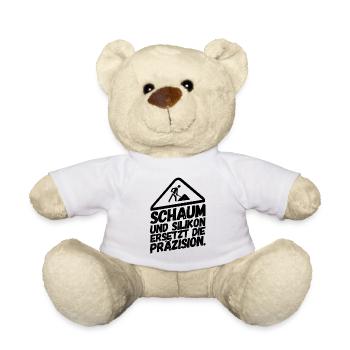 Bauarbeiter Baustelle Schaum Silikon - Teddy - Weiß - Vorne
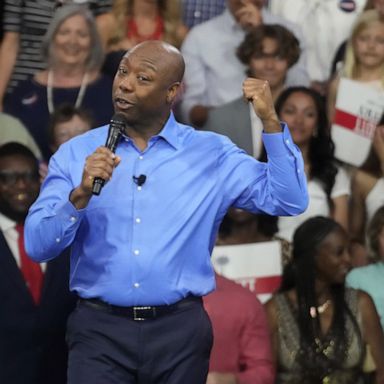 The lone Black Republican in the Senate announced his 2024 presidential campaign in North Charleston, South Carolina, on Monday.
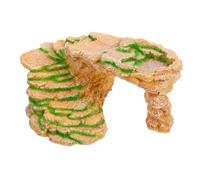 Toddmomy Plateforme De Basking Résine pour Tortue Et Lézard Abri Décoratif Synthétique pour Terrarium Refuge pour Reptiles Modèle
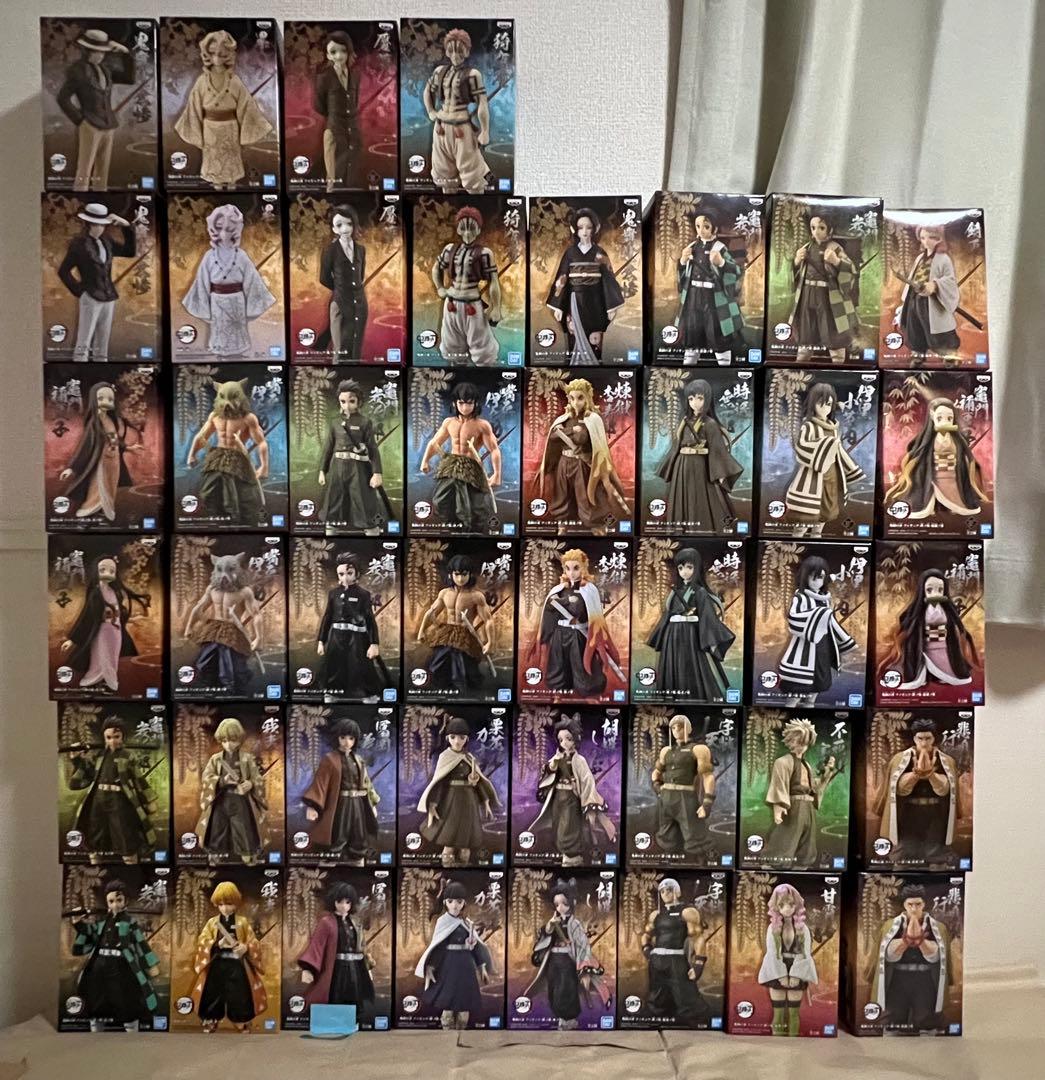 鬼滅の刃　プライズ　フィギュア　絆ノ装　鬼ノ装　44体　まとめ売り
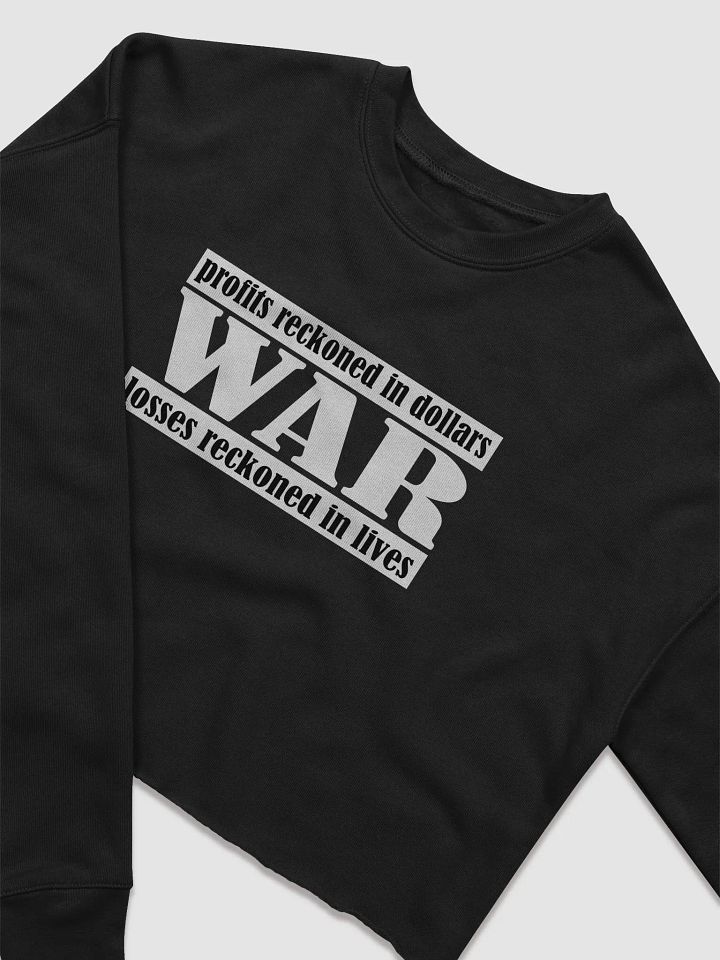 The Cost Of War - Bella+Canvas Women's Fleece Crop Sweatshirt product image (2)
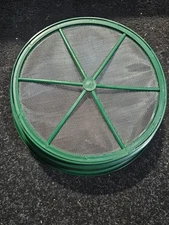 (QTY 5) Green Plastic 13-1/4" Gold Sifting Pan Classifier 1/20 Mesh Size GP2-120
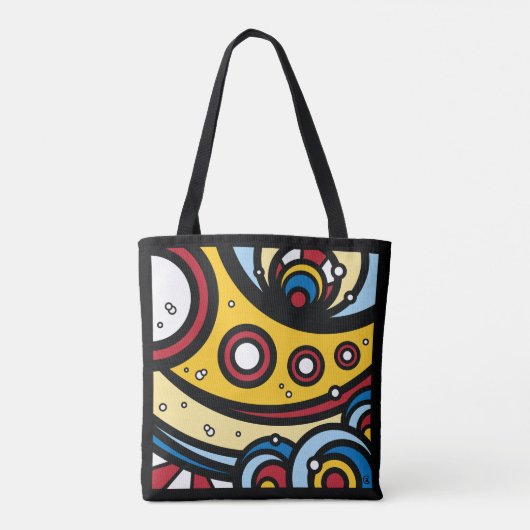 Tote Bag Sous-marin jaune (Dos)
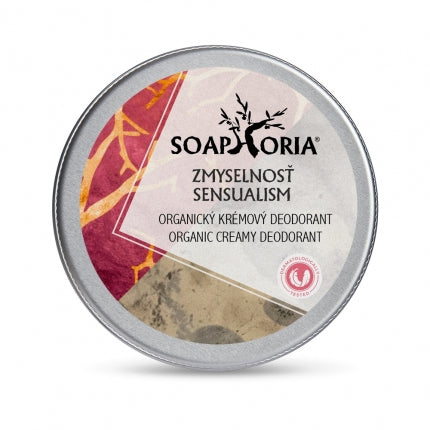 Soaphoria Krémový deodorant - Smyslnost (50 ml) - svůdná ovocně květinová vůně Soaphoria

— Problem to solve —
Each line from the one with "The Cost Of" to the final line of the data above is to be printed exactly; no picture should appear in the copy.

— Output of the exercise —
 The Cost Of War - Bella+Canvas Women's Fleece Crop Sweatshirt product image (2)
 (QTY 5) Green Plastic 13-1/4" Gold Sifting Pan Classifier 1/20 Mesh Size GP2-120
 Tote Bag Sous-marin jaune (Dos)
 Soaphoria Krémový deodorant - Smyslnost (50 ml) - svůdná ovocně květinová vůně Soaphoria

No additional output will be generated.